I arrived into Kigali after an 11-hour flight, which flew by in a cloud of anticipation and excitement. This was my first glimpse of Rwanda, a 4x4 transfer from the airport to my hotel in the capital – a newly opened luxury boutique called The Retreat. With its slick décor, an outdoor saltwater pool and lush gardens, it was tempting to spend the rest of the day ensconced. But there was a city to explore. So, after a deliciously spiced tea, a strong Rwandan coffee and a freshen-up in my room, I headed out in an attempt to gain an insight into the country’s reinvention after the years of genocidal oppression during the Rwandan Civil War. And, there was really only one place to start. The Genocide Memorial Site & Museum is an absolute must for any visitor, its exhibitions a sometimes brutal reminder of the atrocities that took place. In some respects, it’s not for the faint hearted, but is perhaps the best way to understand the country, its people and how far they’ve come since those dark days. Indeed, this is a nation reborn, a fact perhaps best expressed by the joint community services, held on the last Saturday of each month. The rest of the day was spent ambling, taking in the city’s bustling streets, stopping to browse at street stalls and having my first taste of the local food, delicious meat brochettes washed down with a glass or two of Urwagwa – the ubiquitous banana beer.

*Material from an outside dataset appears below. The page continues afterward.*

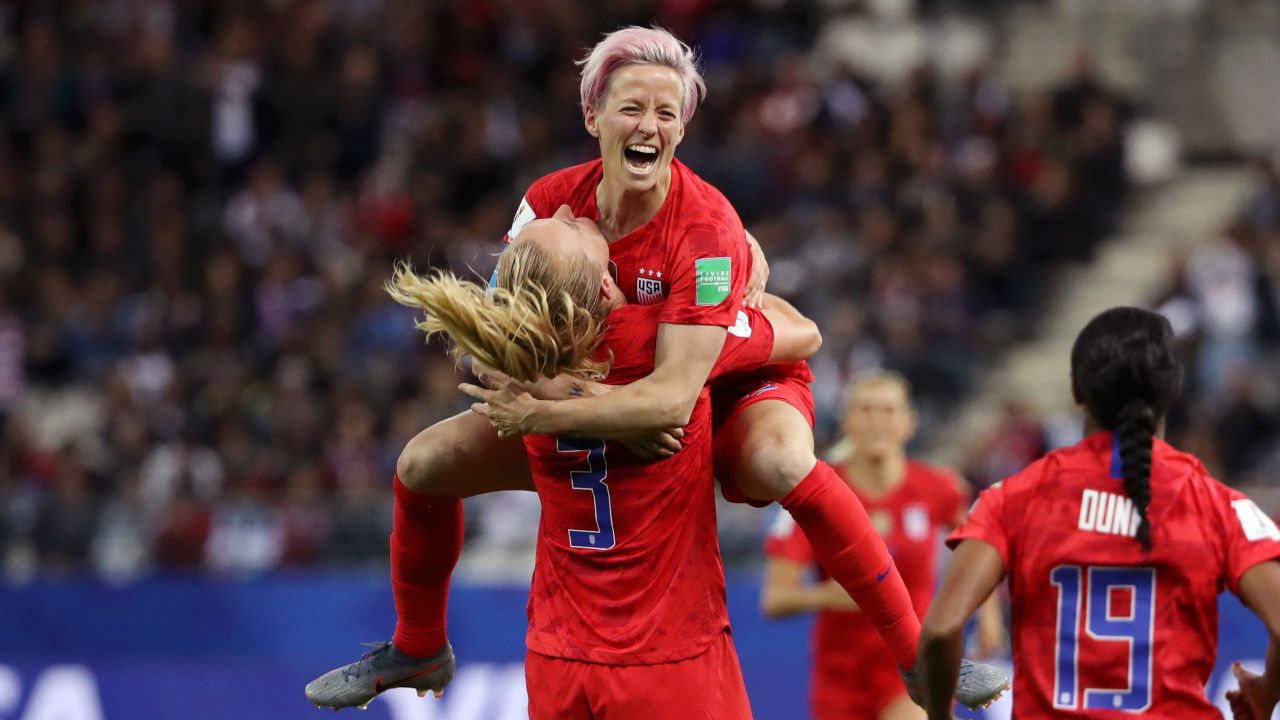 REIMS, FRANCE - JUNE 11: Samantha Mewis of the USA celebrates with teammates after scoring her team's fourth goal during the 2019 FIFA Women's World Cup France group F match between USA and Thailand at Stade Auguste Delaune on June 11, 2019 in Reims, France. (Photo by Robert Cianflone/Getty Images)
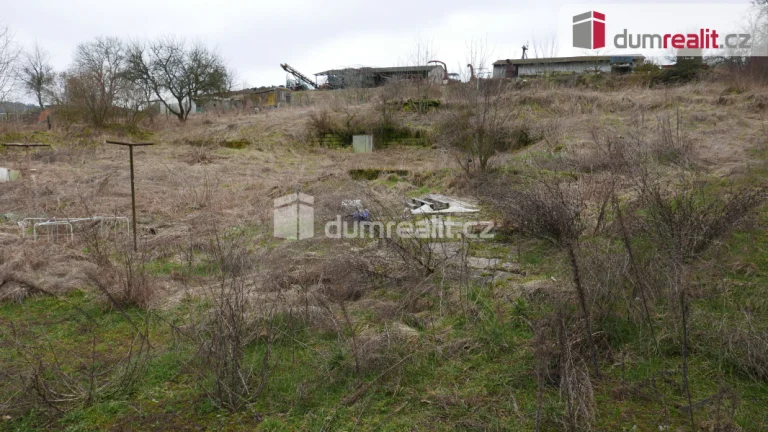 Prodej stavební pozemky v obci Tuháň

With just a day in the capital, it was soon time to move on. And, a drive out among tea plantation-dotted hills and verdant rice paddies, framed by rows of eucalyptus trees, brought me to the beautiful Nyungwe Forest National Park. It really is a spectacular route, one which offers a wonderfully enticing glimpse into the ways of rural Rwanda – roads bustle with bikes and taxis, colourfully dressed women balance baskets of who-knows-what impossibly on their heads, men busy themselves repairing the gravel roads – a task that must be something akin to painting the Forth Bridge. Two hours into the journey, we paused to explore a replica of the 18th-century King’s Palace and 1930s Royal Residence, both utterly impressive. This is where the country’s famous ‘inyambo’ reside – sacred cows whose giant horns span more than two metres from tip to tip. Then, after a tasty chicken curry lunch, we hit the road again for the final drive to the national park. Vast and impossibly green, this sprawling region of forested valleys, rushing rivers and plunging waterfalls is home to some 300 species of bird, 85 species of mammal and 13 species of primate, including several troops of chimpanzees.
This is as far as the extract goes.